Records for the exercise »
== Segment start ==

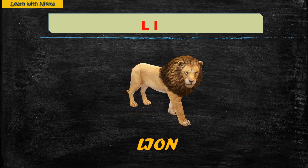L — Lion. Lion is a wild animal and is called the king of the jungle. Lion lives in a den and eats flesh by hunting other animals.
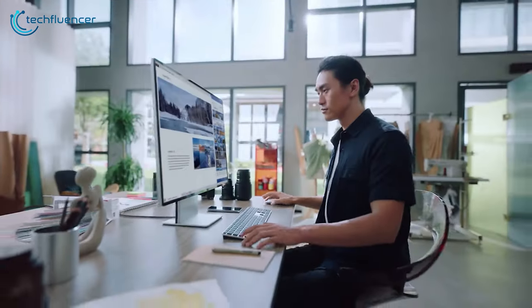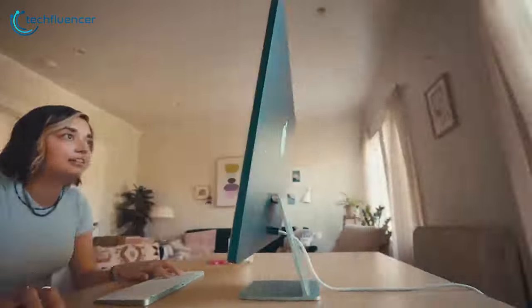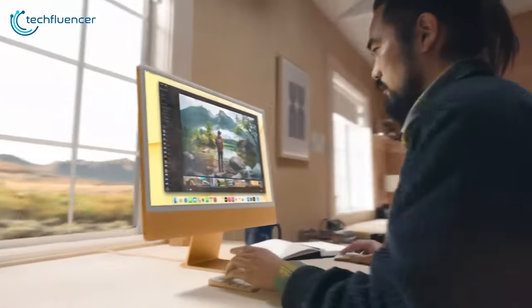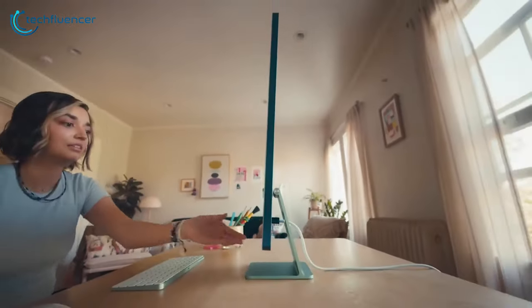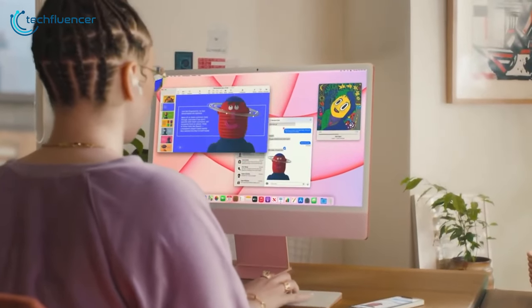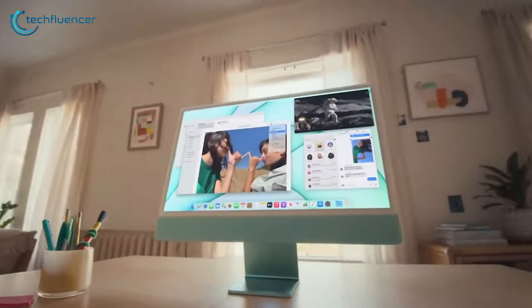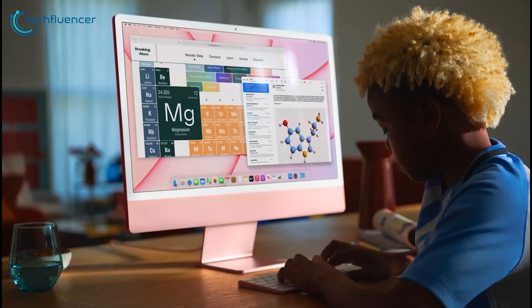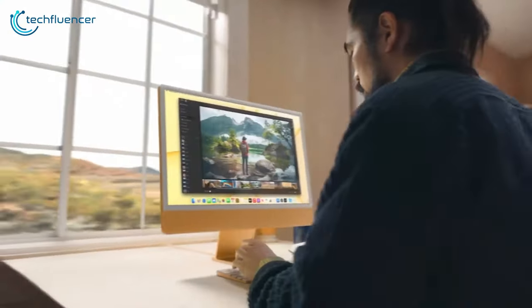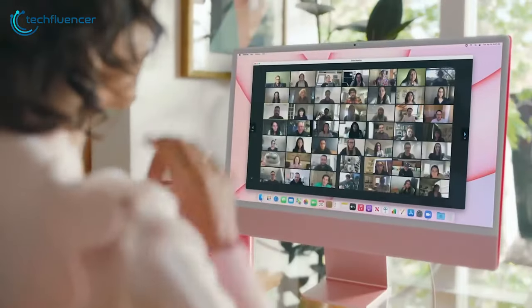Now that we've talked about the all-in-one PCs for creatives, it's time to move on to our next segment, which is for professionals. From looks to its performance, the iMac is truly an amazing all-in-one PC when it comes to productivity. The powerful M1 chip has integrated memory, graphics, and other necessary components, allowing it to perform resource-heavy tasks in a very short time. It also comes with a 4.5K Retina display and 500 nits of brightness for super crisp visuals. And if you have a colorful office space, the iMac also comes in seven different color variants.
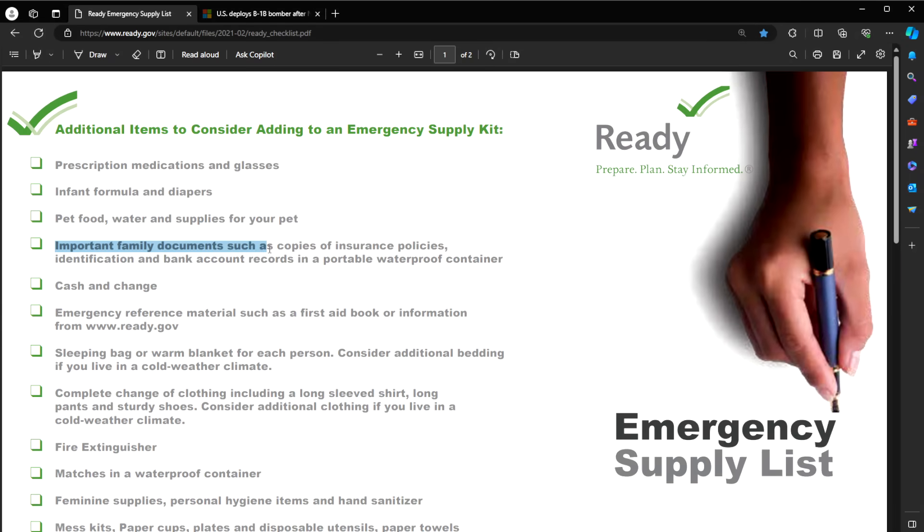Important family documents such as insurance policies, ID, bank account records, etc. in a portable waterproof container. I recommend this one right here — it's fireproof and waterproof. It's a really good place to keep all these documents in a safe, dry place at home, and if you have to evacuate for whatever catastrophe might be coming your way, you can just grab it and take it with you with everything already set.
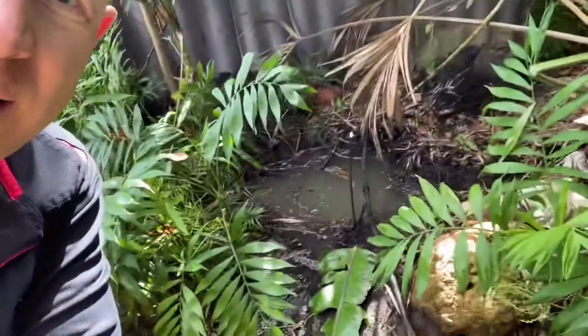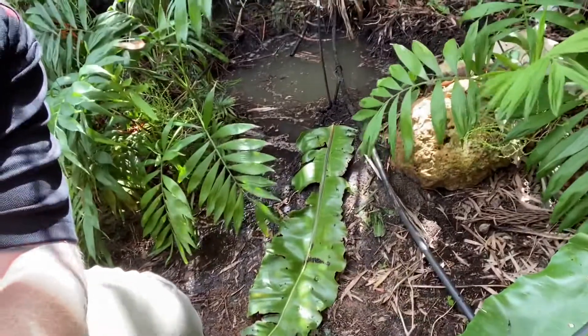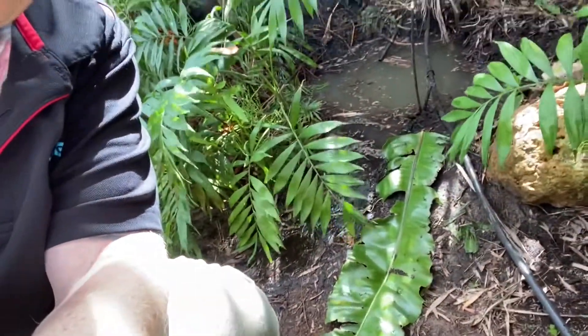That pond you can see is actually streaming onto the pathway, and if I just turn the camera around you can see that it's going everywhere.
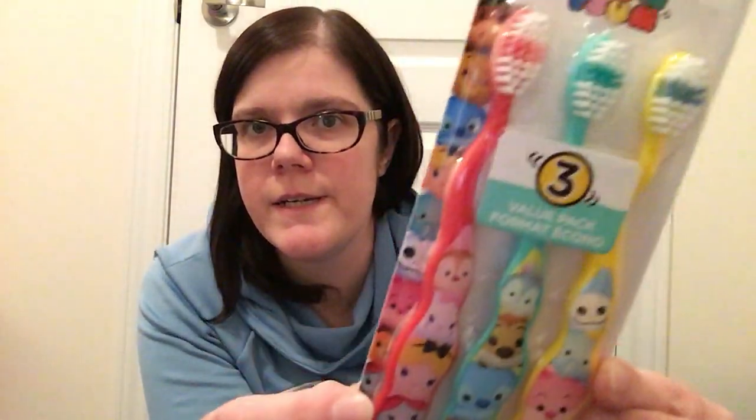Then I grabbed a couple of beauty and health items. These are the Firefly toothbrushes in a Disney theme — the Tsum Tsum characters. My daughter has a blanket with them and absolutely loves it, so I thought she'd really like these. These are your best bang for your buck for kids' toothbrushes. Sometimes Firefly puts out just a two-pack, but keep an eye out for the three-pack because it's the best deal. With younger kids you need to change toothbrushes more frequently — they're harder on them, or they might accidentally throw them in the garbage — so it's always good to have extras on hand.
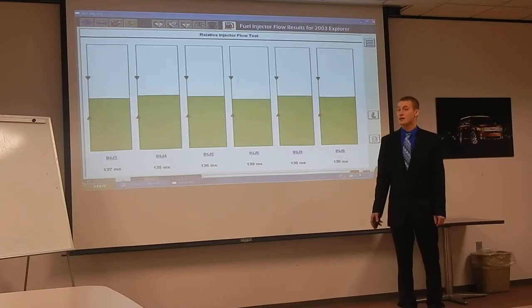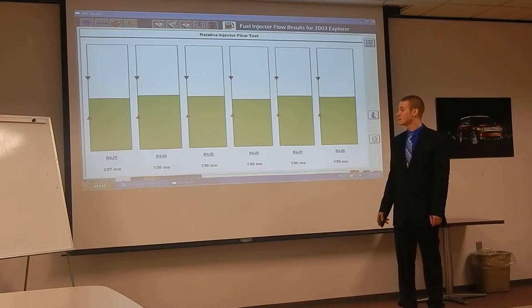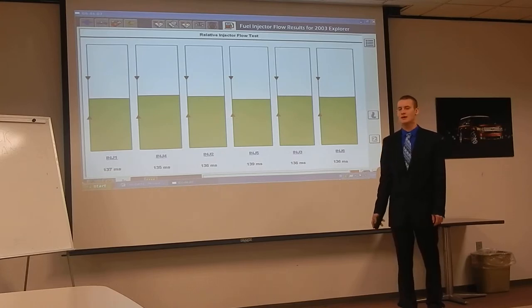Here are the results on the Sport Track. Once again, pretty consistent across the board — running around 136.5 milliseconds average. A little up and down, but overall well within the error ranges. Really no concerns found at that point.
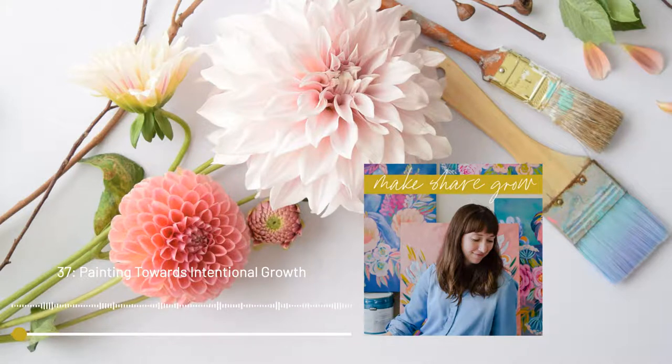Welcome to Make Share Grow, a podcast about art making and the creative process. I'm Julie Marriott, painter, mother, and lover of bold and joyful color. Come on into my studio. I hope what I share here about my art practice will inspire you in your own creative journey.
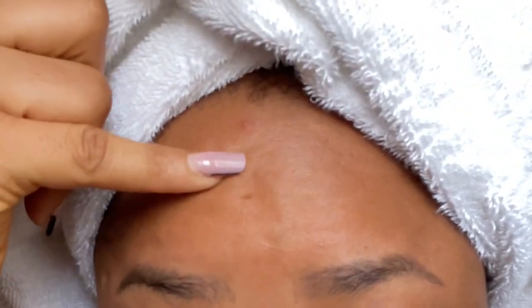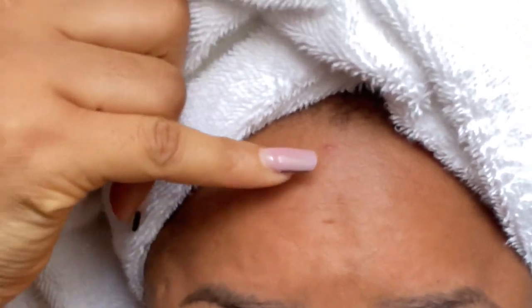I actually woke up with a pimple here — I don't know if you can see it. I'm an advocate for not touching your face, so I'm definitely not going to touch it. It's going to go back just the way it came. What I do most times when I have a pimple is put the Radiance soap on it, leave it for some time, then wash it off. That's just my trick.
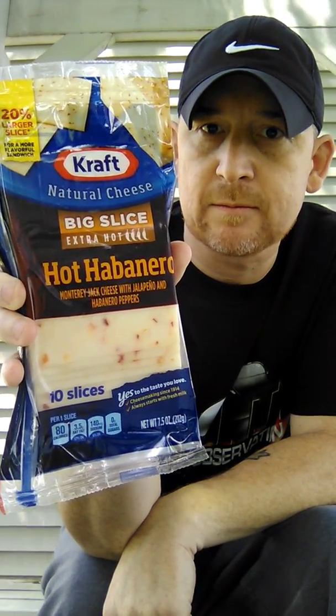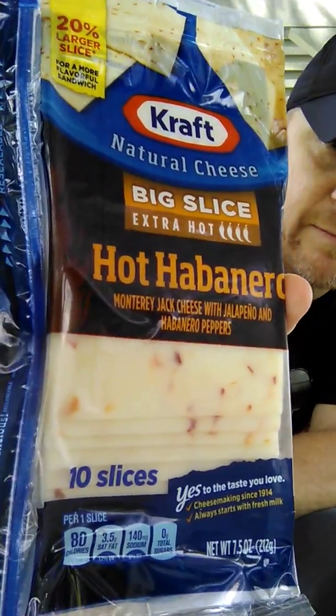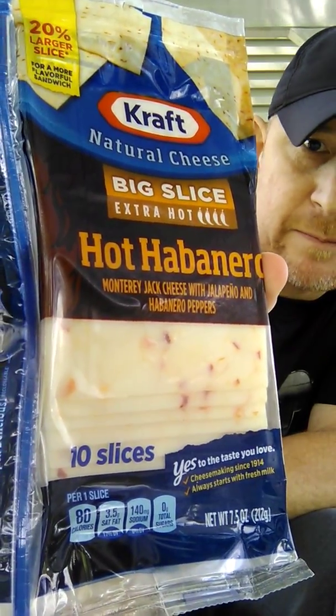Got a cheese that I know everybody's had the brand, but I haven't really seen that they had this kind of hot habanero — the big slice. Extra hot. It's got four peppers on it. Y'all can see it's got the chunks of pepper in it. Kraft hot habanero, bigger flavor in a big slice.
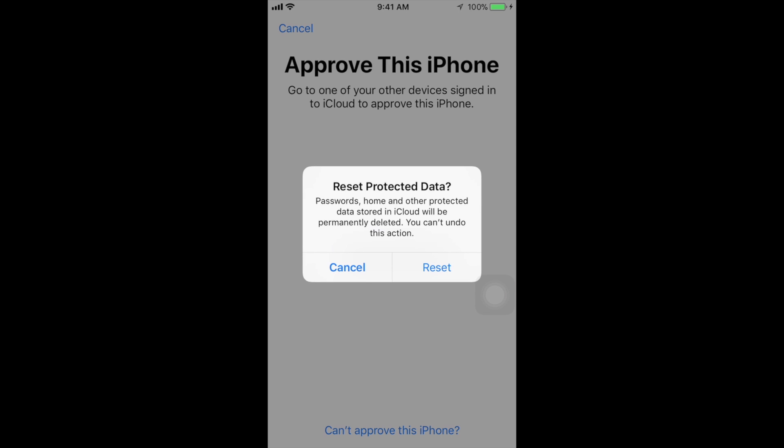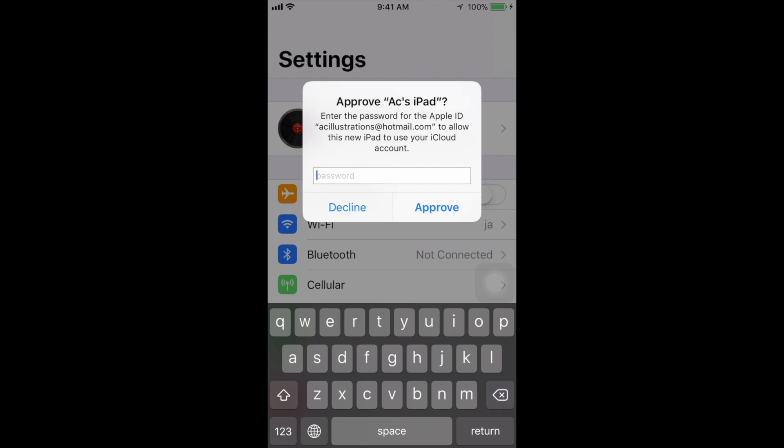If you do want to proceed, go to step two and tap Reset. Now it's telling us to approve from the iPad, so this is easy — we just put in our password and then approve it. My iPad was one of the things I had to approve from before.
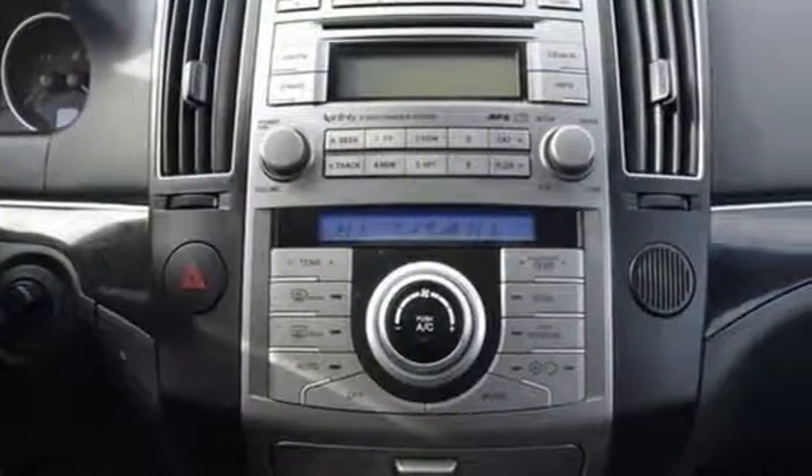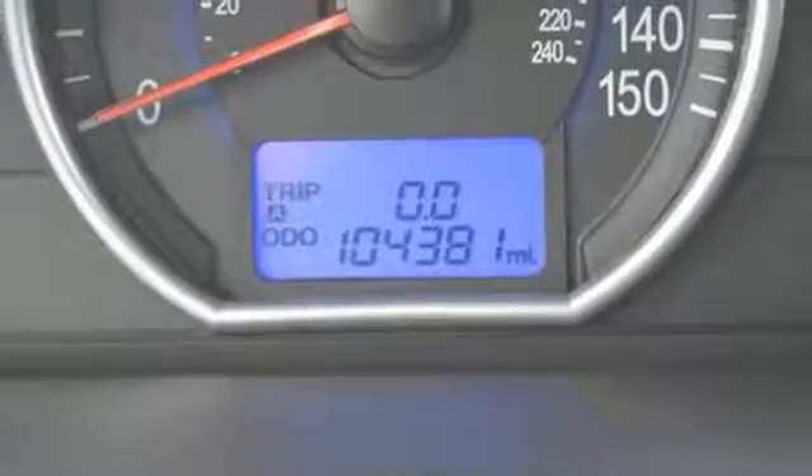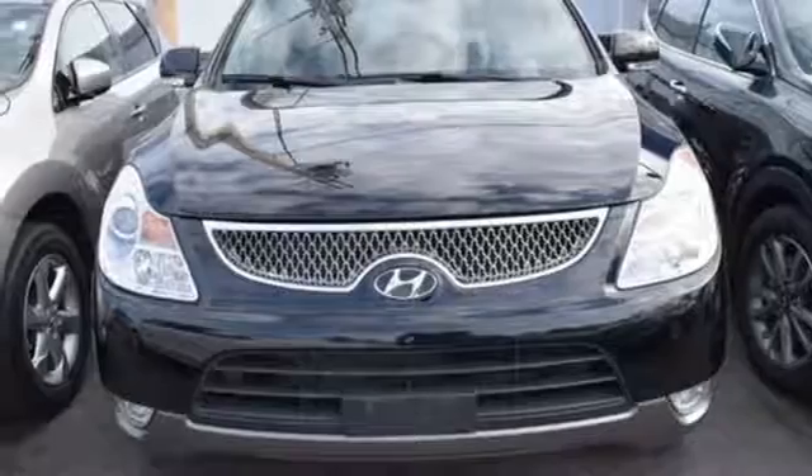With so many standard features combined with superb build quality and affordable luxury, the Veracruz is the absolute best value in its class, second to none. Come see for yourself today.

== Segment end ==

To do » Look above for the line containing "Now that we've" and the line containing "That pond you", then reproduce both and everything between them exactly, pictures omitted.

Finished task »
Now that we've talked about the all-in-one PCs for creatives, it's time to move on to our next segment, which is for professionals. From looks to its performance, the iMac is truly an amazing all-in-one PC when it comes to productivity. The powerful M1 chip has integrated memory, graphics, and other necessary components, allowing it to perform resource-heavy tasks in a very short time. It also comes with a 4.5K Retina display and 500 nits of brightness for super crisp visuals. And if you have a colorful office space, the iMac also comes in seven different color variants.
Important family documents such as insurance policies, ID, bank account records, etc. in a portable waterproof container. I recommend this one right here — it's fireproof and waterproof. It's a really good place to keep all these documents in a safe, dry place at home, and if you have to evacuate for whatever catastrophe might be coming your way, you can just grab it and take it with you with everything already set.
That pond you can see is actually streaming onto the pathway, and if I just turn the camera around you can see that it's going everywhere.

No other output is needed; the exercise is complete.